18. И я давно думал, что, презрев мирские надежды, со дня на день откладываю следовать за Тобой Одним, потому что не являлось мне ничего определенного, куда направил бы я путь свой. И вот пришел день, когда я встал обнаженный перед самим собой, и совесть моя завопила: «Где твое слово? Ты ведь говорил, что не хочешь сбросить бремя суеты, так как истина тебе неведома. И вот она тебе ведома, а оно все еще давит тебя; у них же, освободивших плечи свои, выросли крылья: они не истомились в розысках и десятилетних (а то и больше) размышлениях». Так, вне себя от жгучего стыда, угрызался я во время понтицианова рассказа. Беседа окончилась, изложена была причина, приведшая его к нам, и он ушел к себе, а я — в себя. Чего только не наговорил я себе! Какими мыслями не бичевал душу свою, чтобы она согласилась на мои попытки идти за Тобой! Она сопротивлялась, отрекалась и не извиняла себя. Исчерпаны были и опровергнуты все ее доказательства, но осталась немая тревога: как смерти боялась она, что ее вытянут из русла привычной жизни, в которой она зачахла до смерти.

VIII

19. В этом великом споре во внутреннем дому моем, поднятом с душой своей в самом укромном углу его, — в сердце моем, — кидаюсь я к Алипию и с искаженным лицом, в смятении ума кричу: «Что ж это с нами? ты слышал? поднимаются неучи и похищают Царство Небесное, а мы вот с нашей бездушной наукой и валяемся в плотской грязи! или потому, что они впереди, стыдно идти вслед, а вовсе не идти не стыдно?» Не знаю, что я еще говорил в том же роде; в своем волнении я бросился прочь от него, а он, потрясенный, молчал и только глядел на меня: речи мои звучали необычно. О моем душевном состоянии больше говорили лоб, щеки, глаза, цвет лица, звук голоса, чем слова, мною произносимые.

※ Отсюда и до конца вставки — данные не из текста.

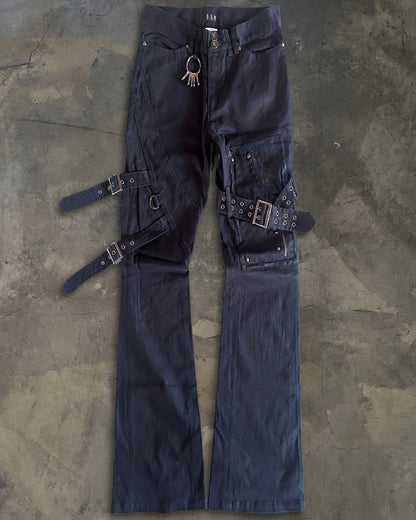 BLACK PEACE NOW BONDAGE PANTS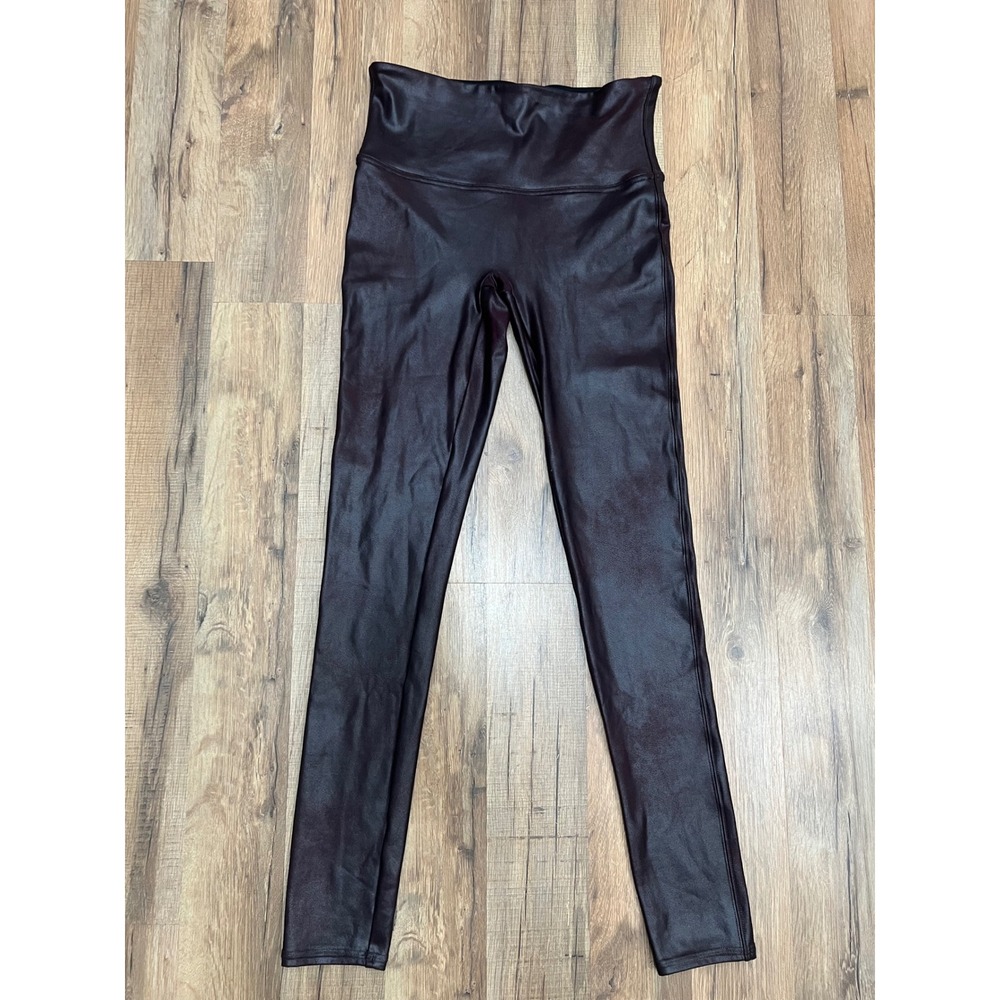 Spanx Faux Leather Leggings M Black Coated High Waist 87% Nylon‎ 13% Spandex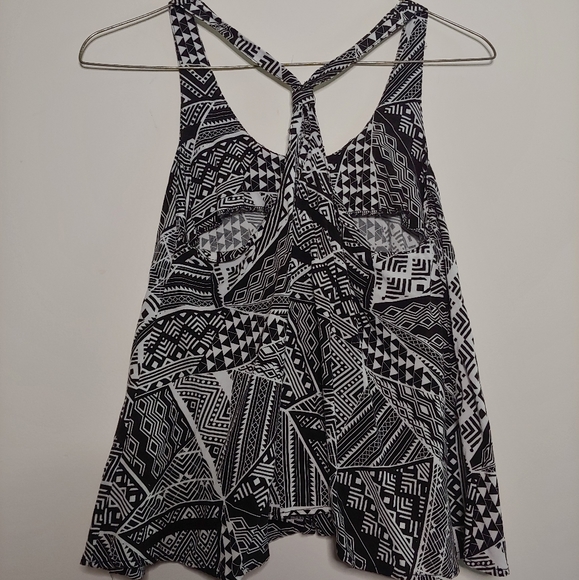 Black, white, and pink flowy tank top - Picture 2 of 2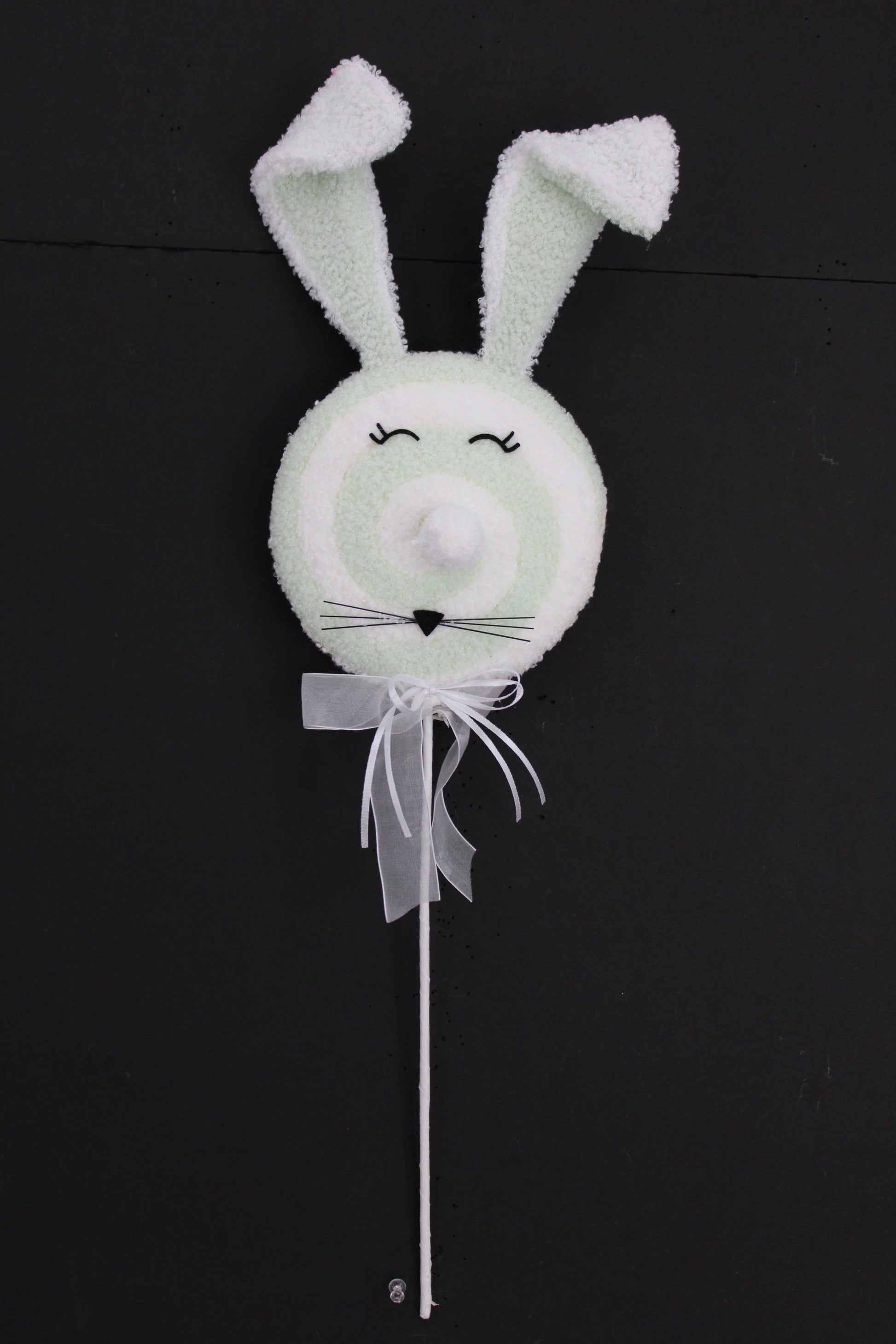 24 IN GREEN EASTER BUNNY FACE LOLLIPOP SPRAY - Burlap and Bling Decor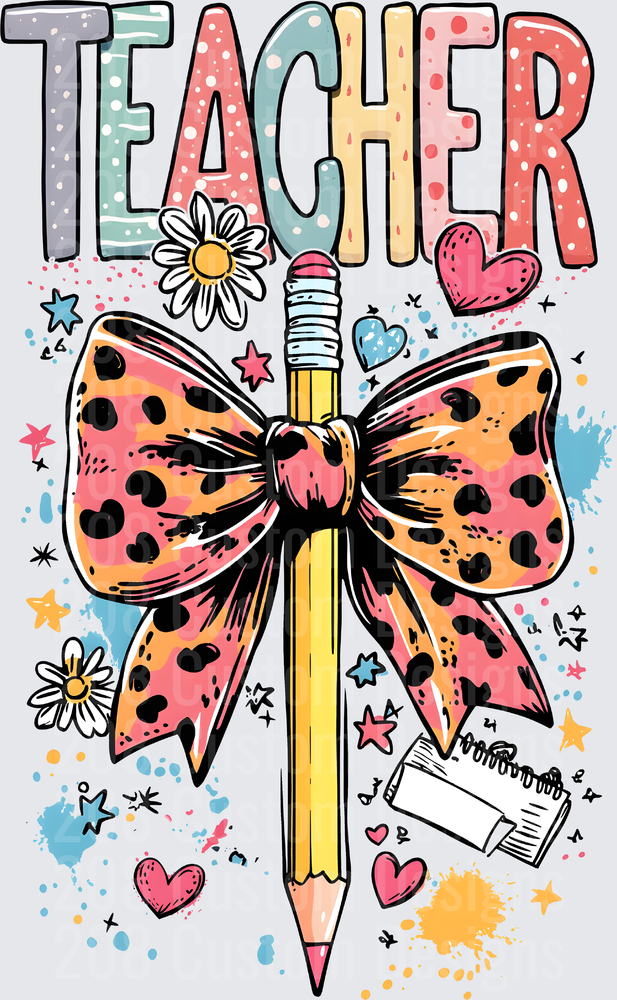 Teacher Pencil Leopard Print Bow Daisy Hearts Doodle Design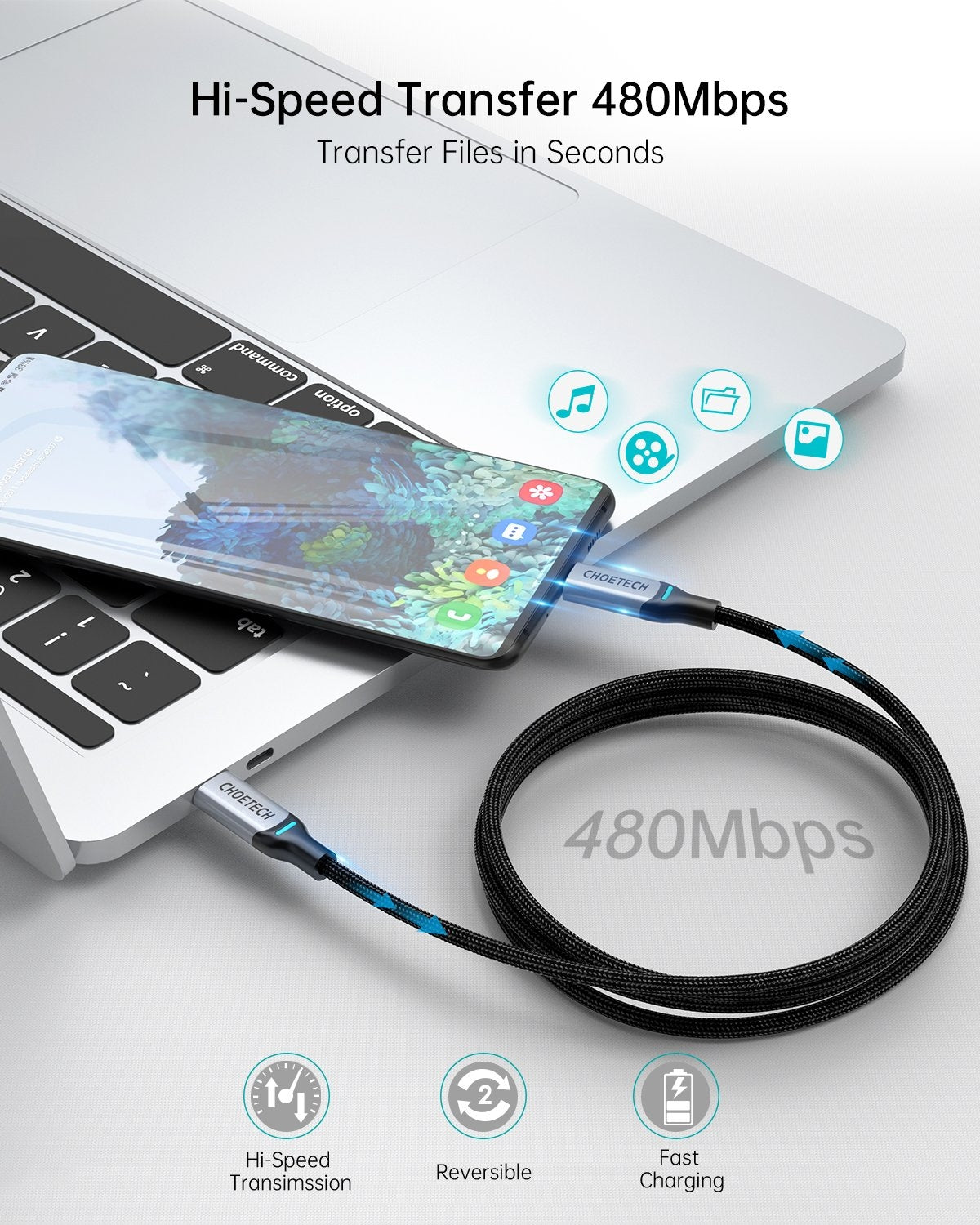 CHOETECH 100W USB-C Braided Fast Charging Cable - 1.8M Length, 2 Pack for Ultimate Convenience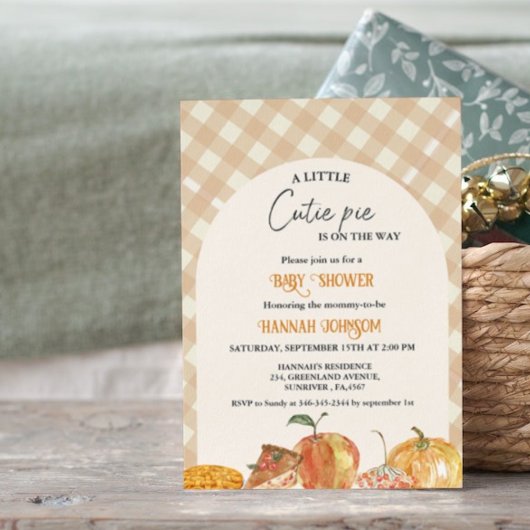 Invitation Boho Little Cutie Pie Thanksgiving Baby shower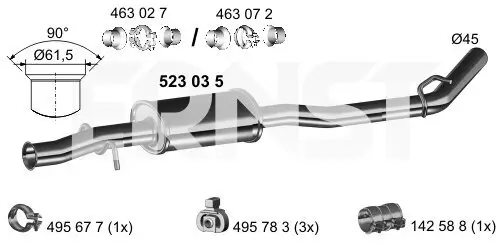 Mittelschalldämpfer ERNST 523035 Bild Mittelschalldämpfer ERNST 523035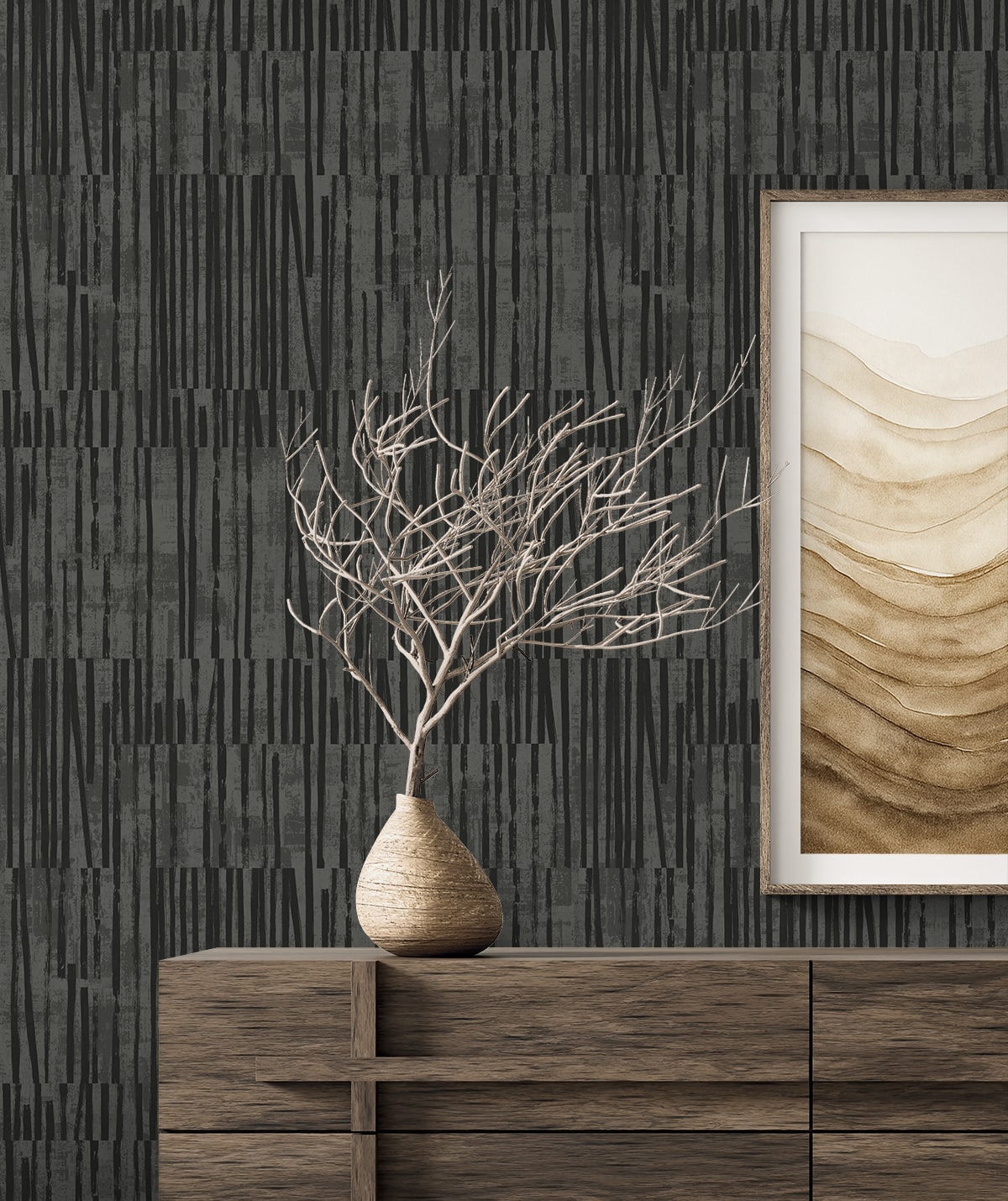 Serapha Lines wallpaper in onyx color - pattern number EL20008 - by Seabrook in the Neutral Elements collection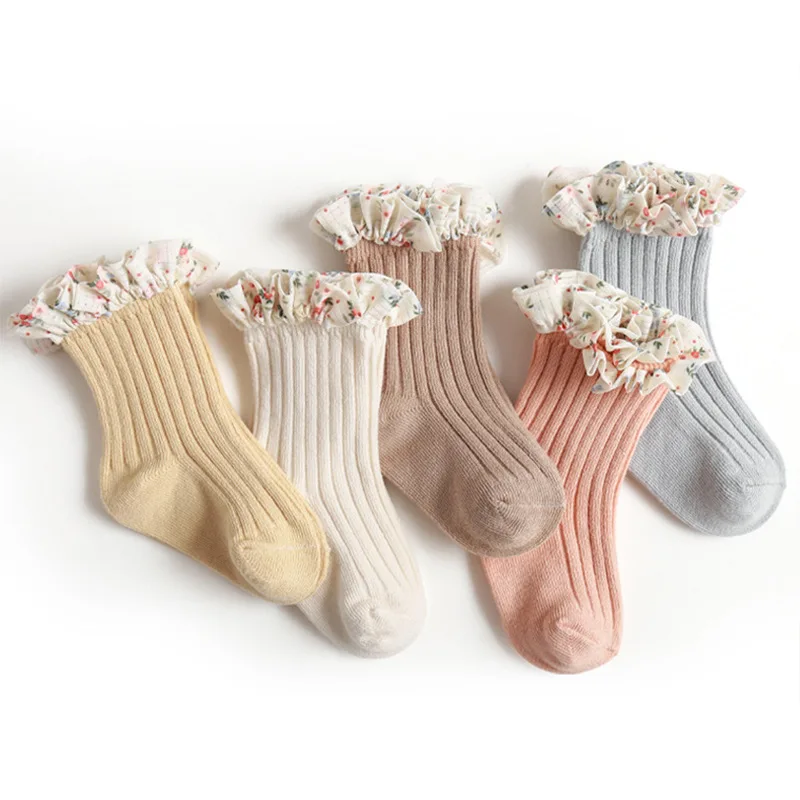 

Children Socks Girls' Lace Combed Cotton Middle Tube Floor Socks Toddlers Infant Chiffon Flowers Socks Kids Princess Sock 0-5Y
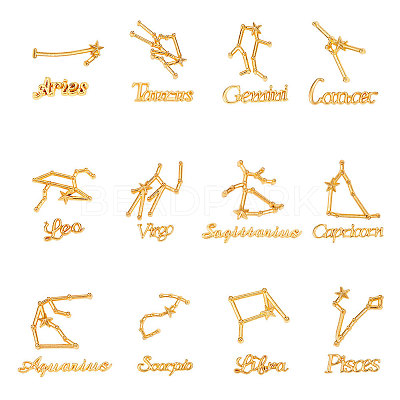 Twelve Constellations Alloy Cabochons DIY-CJ0001-29-1
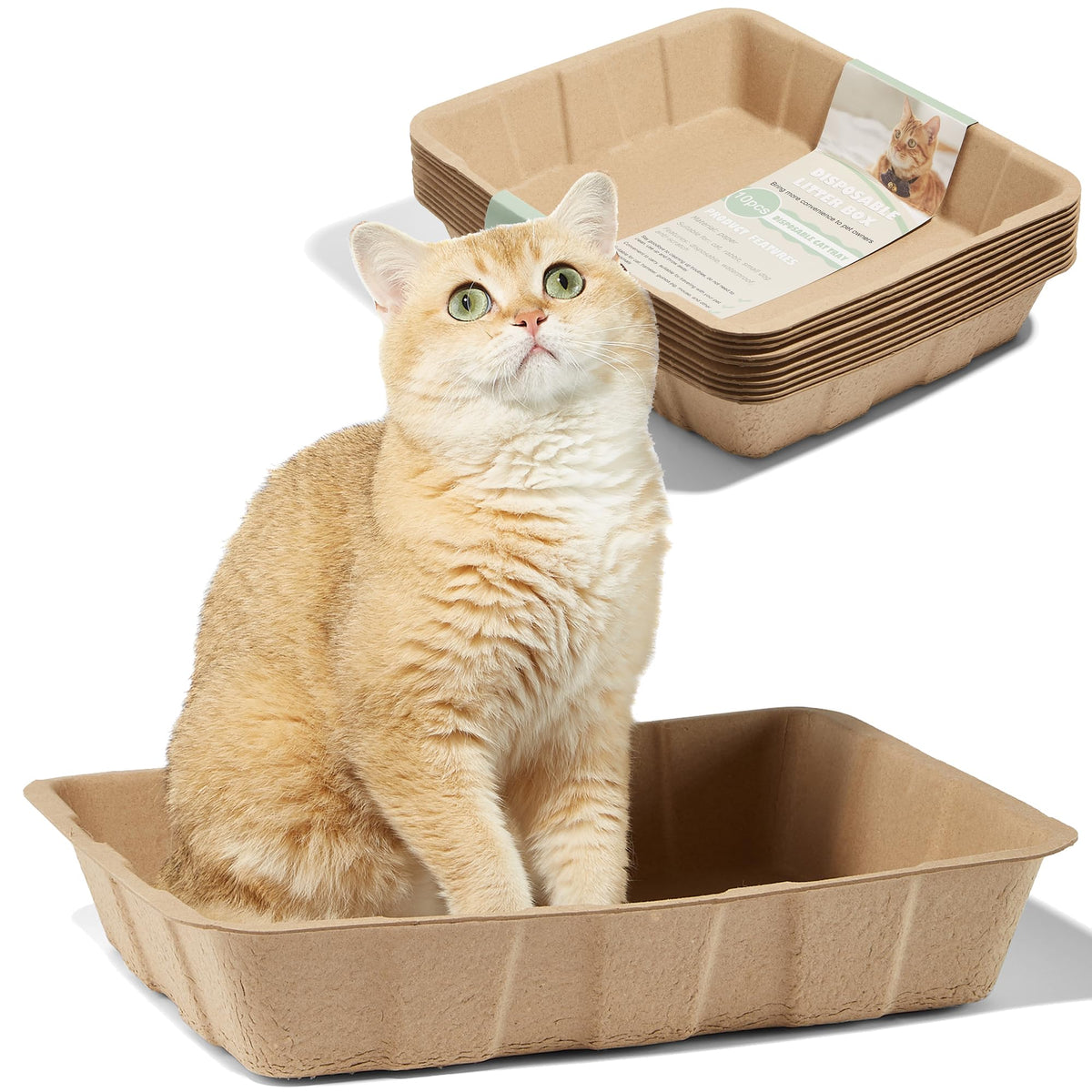 Disposable Cardboard Cat Litter Boxes 5 Pack Z39876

При нашем обиталище находился садик, которым мы пользовались, как и всем домом, потому что владелец дома, нас приютивший, тут не жил. В своей сердечной смуте кинулся я туда, где жаркой схватке, в которой я схватился с собой, никто не помешал бы до самого конца ее — Ты знал какого, а я нет: я безумствовал, чтобы войти в разум, и умирал, чтобы жить; я знал, в каком я зле, и не знал, какое благо уже вот-вот ждет меня. Итак, я отправился в сад и за мной, след в след, Алипий. Его присутствие не нарушало моего уединения. И как бы он оставил меня в таком состоянии? Мы сели как можно дальше от построек. Душа моя глухо стонала, негодуя неистовым негодованием ьа то, что я не шел на союз с Тобой, Господи, а что надобно идти к Тебе, об этом кричали «все кости мои» и возносили хвалой до небес. И не нужно тут ни кораблей, ни колесниц четверкой, ни ходьбы: расстояния не больше, чем от дома до места, где мы сидели. Стоит лишь захотеть идти, и ты уже не только идешь, ты уже у цели, но захотеть надо сильно, от всего сердца, а не метаться взад-вперед со своей полубольной волей, в которой одно желание борется с другим, и то одно берет верх, то другое.

20. В мучениях этой нерешительности я делал много жестов, которые люди иногда хотят сделать и не могут, если у них нет соответственных членов, если эти члены скованы, расслаблены усталостью или им что-то мешает. Если я рвал волосы, ударял себя по лбу; сцепив пальцы, обхватывал колено, то я делал это, потому что хотел. Я мог, однако, захотеть и не сделать, откажи мне члены мои в повиновении. Я делал, следовательно, многое в той области, где «хотеть» и «мочь» не равнозначны, и не делал того, что мне было несравненно желаннее, и что я мог сделать, стоило только пожелать, а я уж во всяком случае желал пожелать. Тут ведь возможность сделать и желание сделать равнозначны: пожелать — значит уже сделать. И однако ничего не делалось: тело мое легче повиновалось самым ничтожным желаниям души (двигаться членам, как я хотел), чем душа в исполнении главного желания своего — исполнения, зависящего от одной ее воли.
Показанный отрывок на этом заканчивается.